▸ **PROBLEM STATEMENT**: From the entries below, write out exactly the lines between the line holding "Maska sa Bluetooth" and the line holding "Snappy Driver Installer", inclusive, excluding any pictures.

▸ **AVAILABLE RECORDS**:
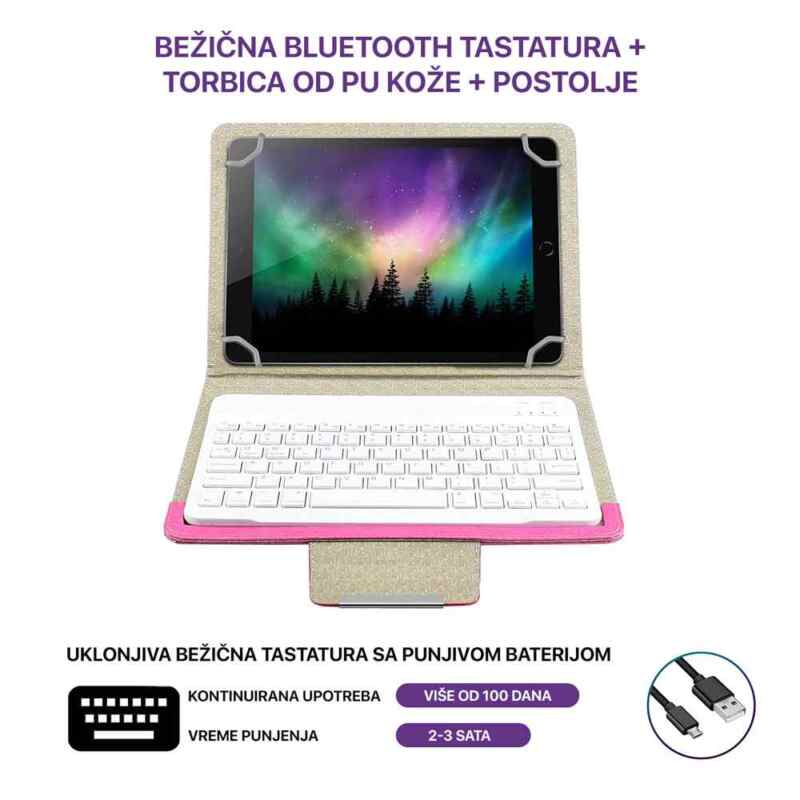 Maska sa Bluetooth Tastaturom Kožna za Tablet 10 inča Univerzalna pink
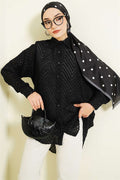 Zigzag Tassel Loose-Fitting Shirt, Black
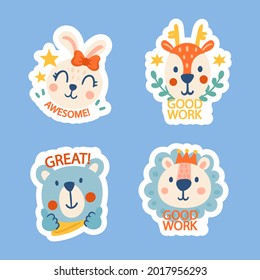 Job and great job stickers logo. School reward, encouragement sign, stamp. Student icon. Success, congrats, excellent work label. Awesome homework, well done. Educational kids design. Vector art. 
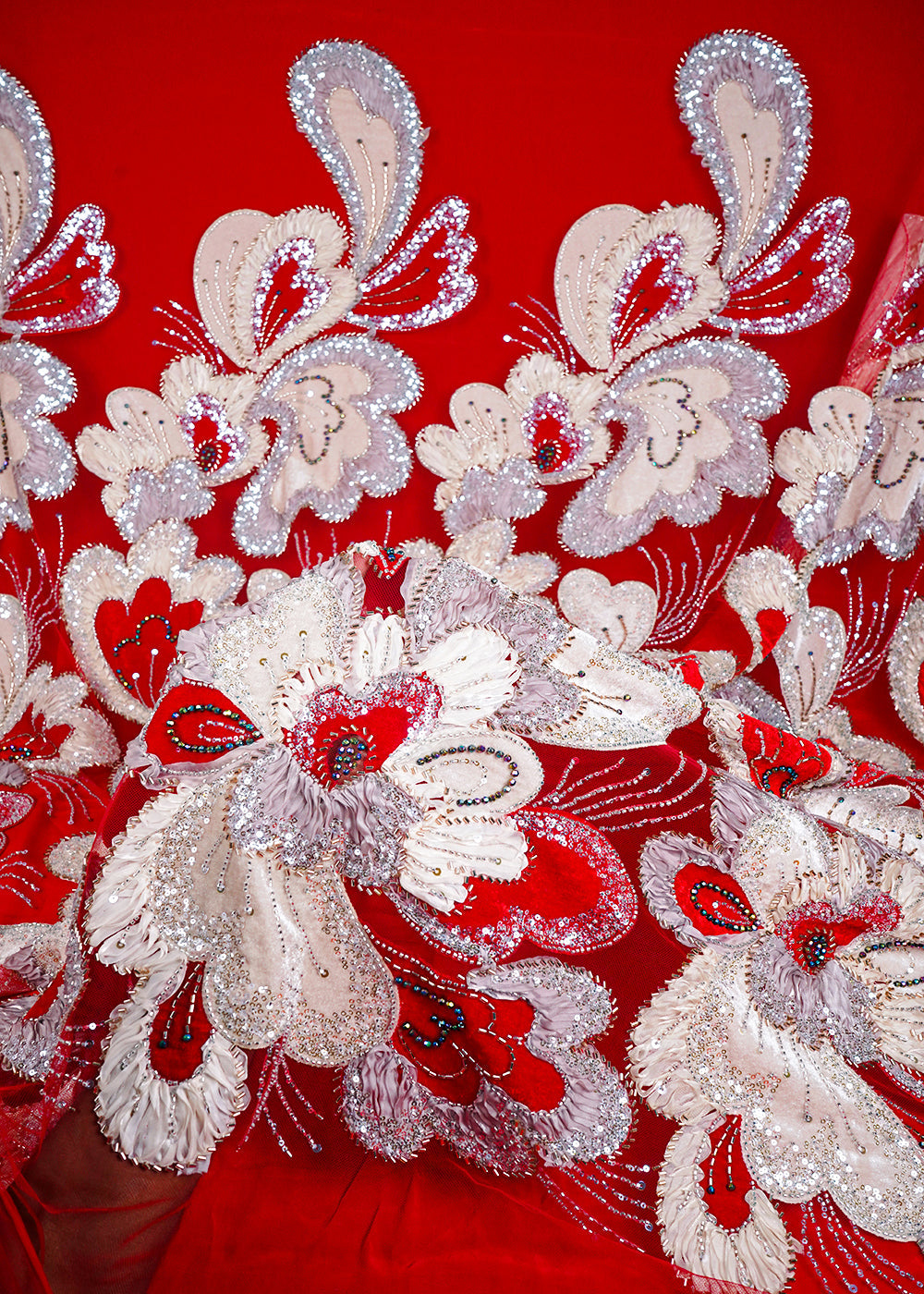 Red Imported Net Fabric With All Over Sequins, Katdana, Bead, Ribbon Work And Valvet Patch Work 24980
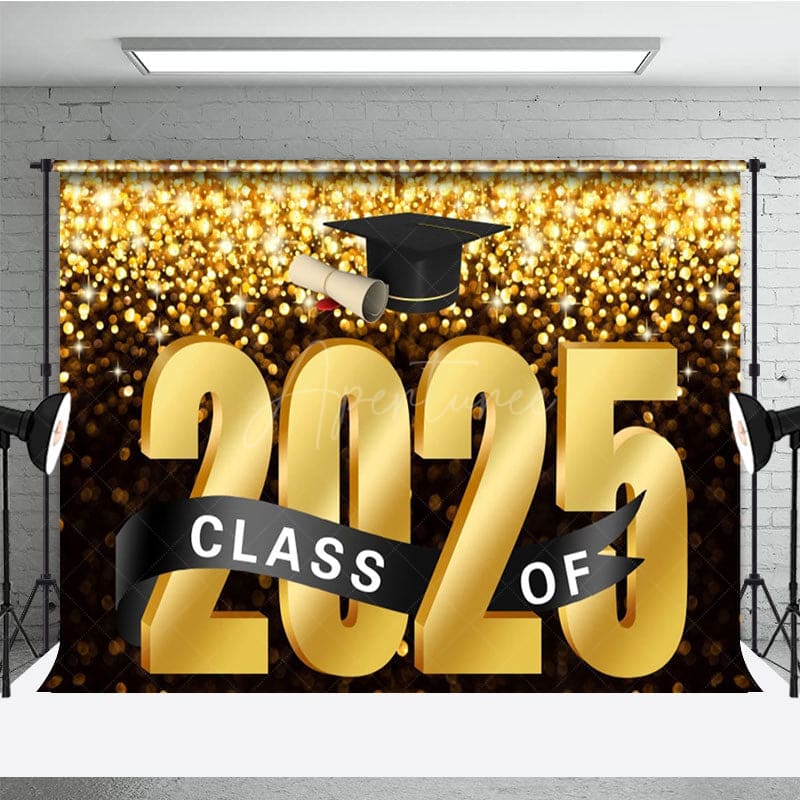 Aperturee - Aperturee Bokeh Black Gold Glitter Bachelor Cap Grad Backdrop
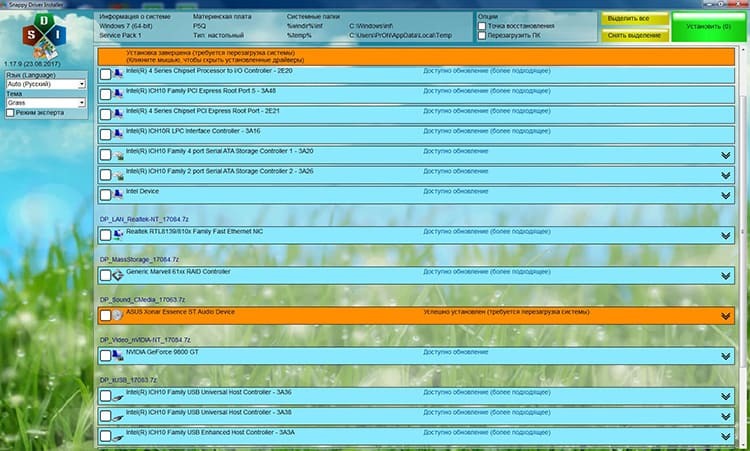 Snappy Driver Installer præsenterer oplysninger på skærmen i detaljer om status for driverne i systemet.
...
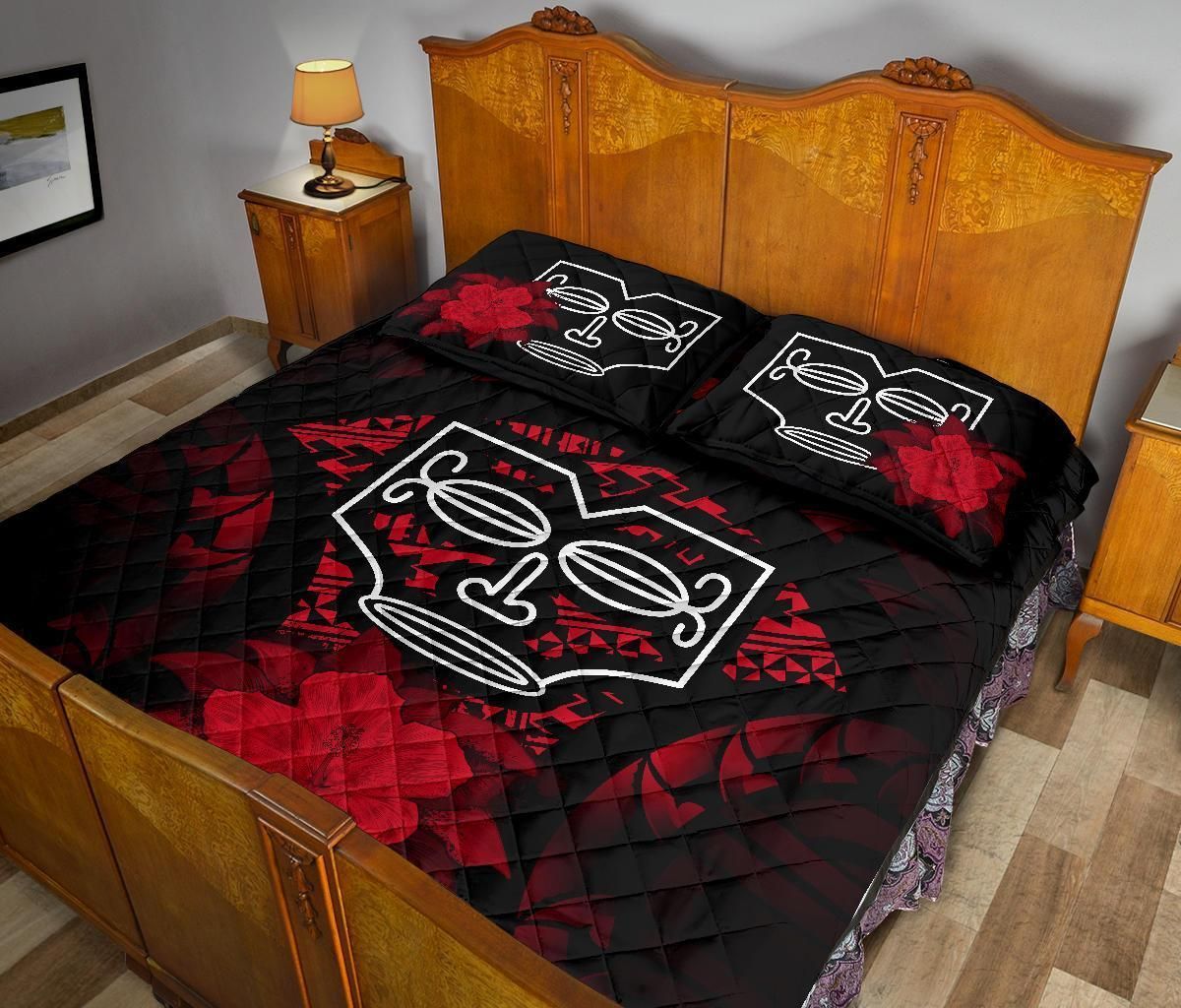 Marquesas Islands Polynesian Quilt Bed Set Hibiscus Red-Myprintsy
--
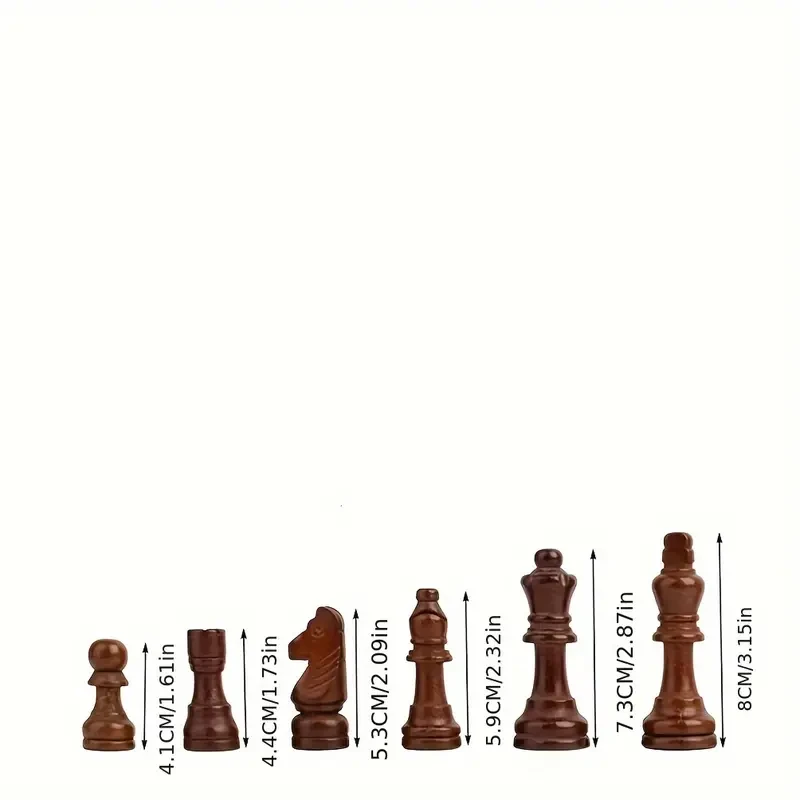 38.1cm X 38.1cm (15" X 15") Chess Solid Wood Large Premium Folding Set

▸ **PROBLEM SOLUTION**:
 Maska sa Bluetooth Tastaturom Kožna za Tablet 10 inča Univerzalna pink
 Zigzag Tassel Loose-Fitting Shirt, Black
 Job and great job stickers logo. School reward, encouragement sign, stamp. Student icon. Success, congrats, excellent work label. Awesome homework, well done. Educational kids design. Vector art. 
 Red Imported Net Fabric With All Over Sequins, Katdana, Bead, Ribbon Work And Valvet Patch Work 24980
 Aperturee - Aperturee Bokeh Black Gold Glitter Bachelor Cap Grad Backdrop
 Snappy Driver Installer præsenterer oplysninger på skærmen i detaljer om status for driverne i systemet.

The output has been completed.